A Fair Trade
Find out how to barter the right way--and avoid the practices that will land you in hot water.
URL:
http://www.entrepreneur.com/magazine/entrepreneur/2003/october/64516.html
It wouldn't be the first time a telecom company's
accounting chicanery made headlines, but the ongoing tussle between
Qwest Communications International Inc. and the SEC brought a
common industry practice under the microscope-and may have
businesses thinking twice about certain strategic agreements.

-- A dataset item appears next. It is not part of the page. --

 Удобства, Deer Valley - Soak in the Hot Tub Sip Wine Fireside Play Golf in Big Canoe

At
least some of Qwest's trouble is about reportedly recognizing
some $2 billion in revenue from "swap" sales dating back
to 1999. The fact that the Denver-based telephone company swapped
fiber-optic capacity with other telecommunications firms was hardly
an anomaly; telecom companies had been trading capacity for years,
seeing that as a cost-efficient alternative to each company
building its own network in a particular area.
But rather than simply exchanging services, companies like Qwest
began getting the idea to construct two separate transactions, with
each side writing a check to the other. "That's where the
accounting trick comes in," says Mark DeFond, professor of
accounting at the University of Southern California's Leventhal
School of Accounting in Los Angeles. "When I receive a check
from you, I book that as revenue, but when I write a check to you,
I don't book it as an expense." Rather, the expense is
amortized over a period of time, while the revenue is booked
upfront.
The SEC has said it plans to look more closely at swaps and
other creative alliance agreements. So what will that mean for
entrepreneurs who depend on barter arrangements and other creative
wheeling and dealing to survive and thrive? Finding ways to trade
products and services rather than laying out cash for them is
particularly critical during harsh economic times. Do the
high-profile cases mean swaps are just bad business?

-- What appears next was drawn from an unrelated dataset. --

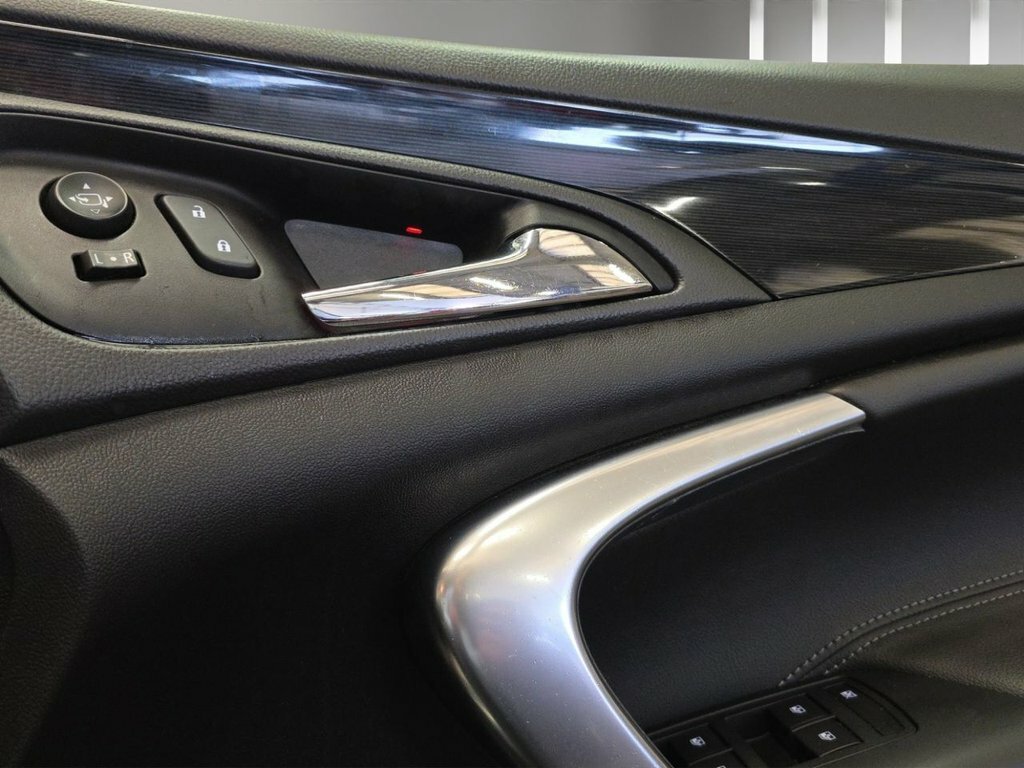Vauxhall Insignia Black #20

Not when executed properly, experts say. "There's
nothing wrong with engaging in swaps," says J. Edward Ketz,
associate professor of accounting at Pennsylvania State University,
University Park, and the author of Hidden Financial Risk:
Understanding Off-Balance Sheet Accounting (John Wiley &
Sons). It's all in how you account for swaps, and the rules, he
says, are quite clear: "If the swap involves dissimilar
resources-a car for a computer, for example-then record the new
asset at its fair value, take off the swapped asset at its book
value, and record the difference as a gain or loss," he
explains. "If the swap involves similar resources-one
bandwidth for another, for example-then record the new asset at the
book value of the swapped asset. Don't recognize any gain or
loss." And never discount the value of your service to trade
it for something else you need.
The challenge comes when you have to assign a price tag to a
product or service that's difficult to value. If the product or
service being bartered is difficult to value, both parties have to
demonstrate that they made a good faith effort to come up with a
defensible valuation, says Joe Carcello, associate professor of
accounting and business law at the University of Tennessee, Knoxville.
"If the methodology you use is not defensible, if you're
playing games with the accounting, then you're going to get in
trouble if it comes to light," he says.
The deal should have a good, solid business case behind it,
making it clear that you entered into it for the right reasons.
"Don't walk into the transaction with the intent of trying
to boost revenues as a result of the structure of the
transaction," says DeFond. "Try to account for the
transaction on its economic merit."
If ever in doubt, the best advice is to consult an external
auditor on the transaction. "Most firms, unless they're
incompetent," says Carcello, "are going to look at the
transaction and say 'This is all wrong. We can fix
this.'"
C.J. Prince is the executive editor of CEO Magazine.